Besides artifacts, you can also make application state editable by agents. Allow the agent to e.g. navigate across your app on behalf of the user.

Representing app state as files makes it legible to both users and agents. KAS can propose and apply changes via safe, reviewable patches.

Why move state into files?

  • Files live in the same origin-private file system (OPFS) space as user content, so the agent can read and diff them without custom APIs.
  • Users can inspect, back up, or hand-edit JSON state just like any other artifact.
  • You get the same conflict management that powers artifact editing (patch review, previews, etc.).
  • Agents see the same snapshot the UI does, so they can explain "where you are" or what's selected before they take action.

Keep the file format small and explicit. Prefer JSON objects that mirror the minimal state you need the agent to touch.

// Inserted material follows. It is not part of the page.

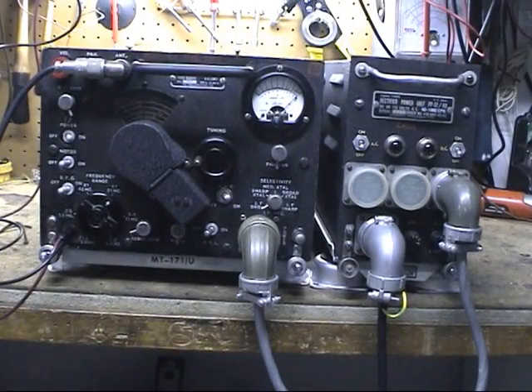Today we're going to be looking at another World War II era aircraft radio. This is the R45-ARR7. It's Halicrafters designed.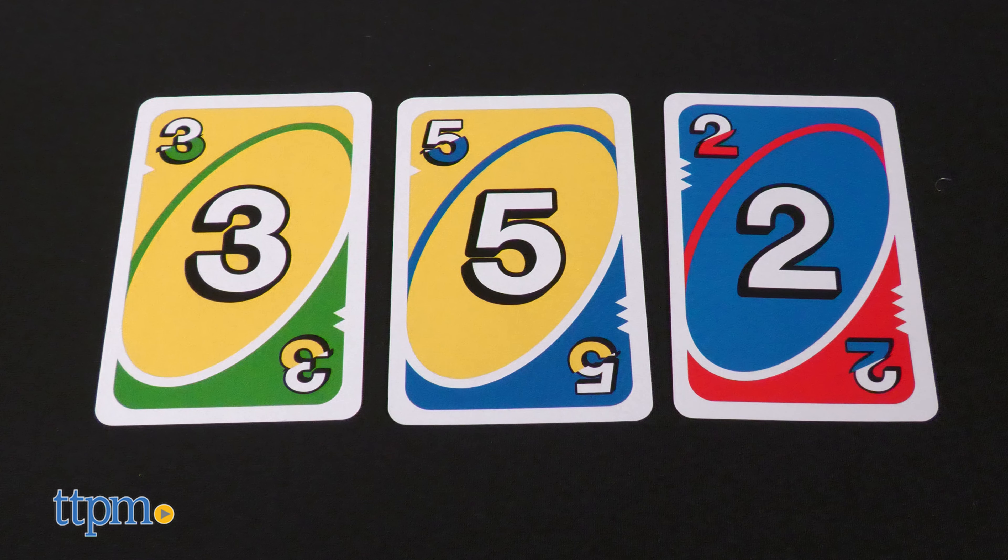Something else interesting about these cards is that each one has special graphic notches to help colorblind players easily identify the colors on the card. There are 112 cards and instructions, which you'll definitely want to read through before you play because so many of the instructions are different from what you're used to.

Example: Application State in the Playground

text
examples/todo/
├── todos/           # markdown artifacts (one file per todo list)
├── state.json       # lightweight UI state shared with the agent
└── agents.md        # the agent guide that grants edit permissions

In the playground, the UI stores the currently selected list inside todo/state.json:

json
{
  "selectedList": "personal.md"
}

The store binds to that file using @pstdio/opfs-utils and @pstdio/opfs-hooks:

ts
useOpfsStoreBinding({
  store: adapter,
  storageOptions,
  bindOptions,
});
  • useOpfsSync(store) wraps bindStoreToJsonFile, keeping the local store in sync with todo/state.json.
  • A directory watcher reacts to Markdown changes and refreshes the in-memory state when files move or update.
  • The agent guide (agents.md) explicitly allows editing todo/state.json, so the agent can mark newly created lists as active and describe the current list to the user.

Implementation checklist

  1. Pick a path under your project root (for example my-app/state.json).
  2. Define the schema for fields agents can touch (selected view, filter, user preferences, etc.).
  3. Bind your runtime store to the file with bindStoreToJsonFile or the useOpfsStoreBinding hook.
  4. Document agent permissions in your agents.md so the agent knows it may read and write the state file.
  5. Watch relevant directories (watchDirectory) if external changes should refresh the UI.